*WHAT YOU WILL DO*. Repeat the listing exactly as given, omitting every image.

*** Opening GIVEN MATERIAL ***

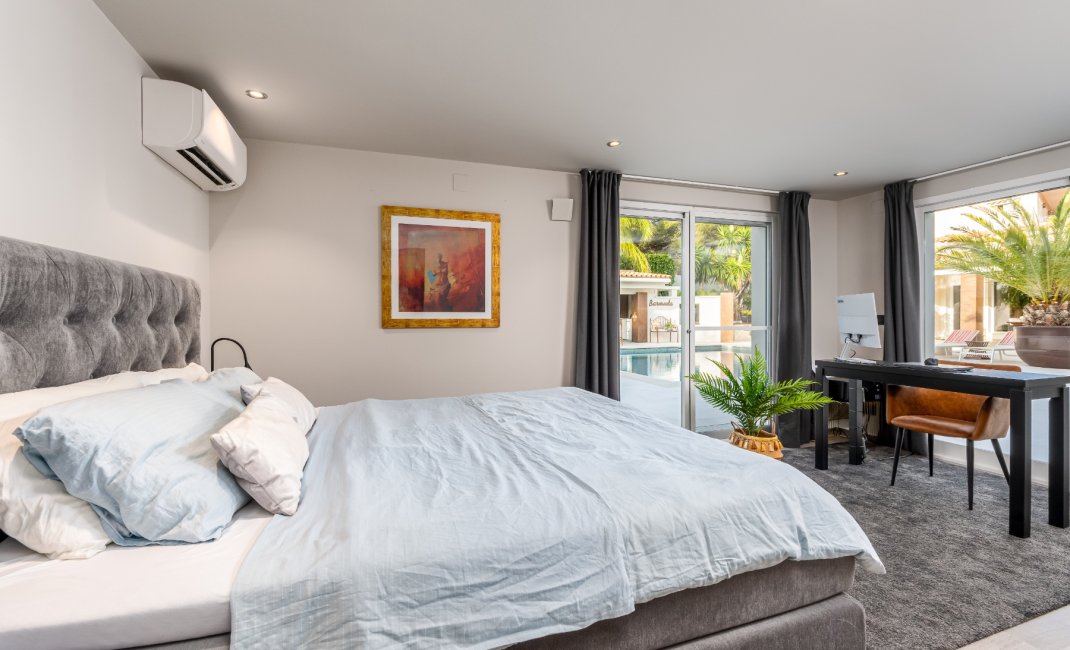 Reventa - Chalet / Villa  -
La Nucía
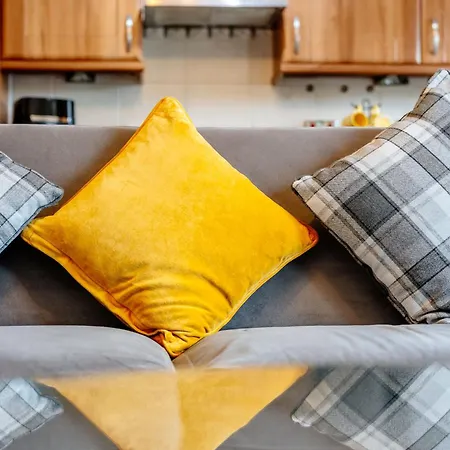 Διαμέρισμα Charming 3-bed Free Parking West End *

*** Closing GIVEN MATERIAL ***

*OUTPUT*.
 Reventa - Chalet / Villa  -
La Nucía
 Διαμέρισμα Charming 3-bed Free Parking West End *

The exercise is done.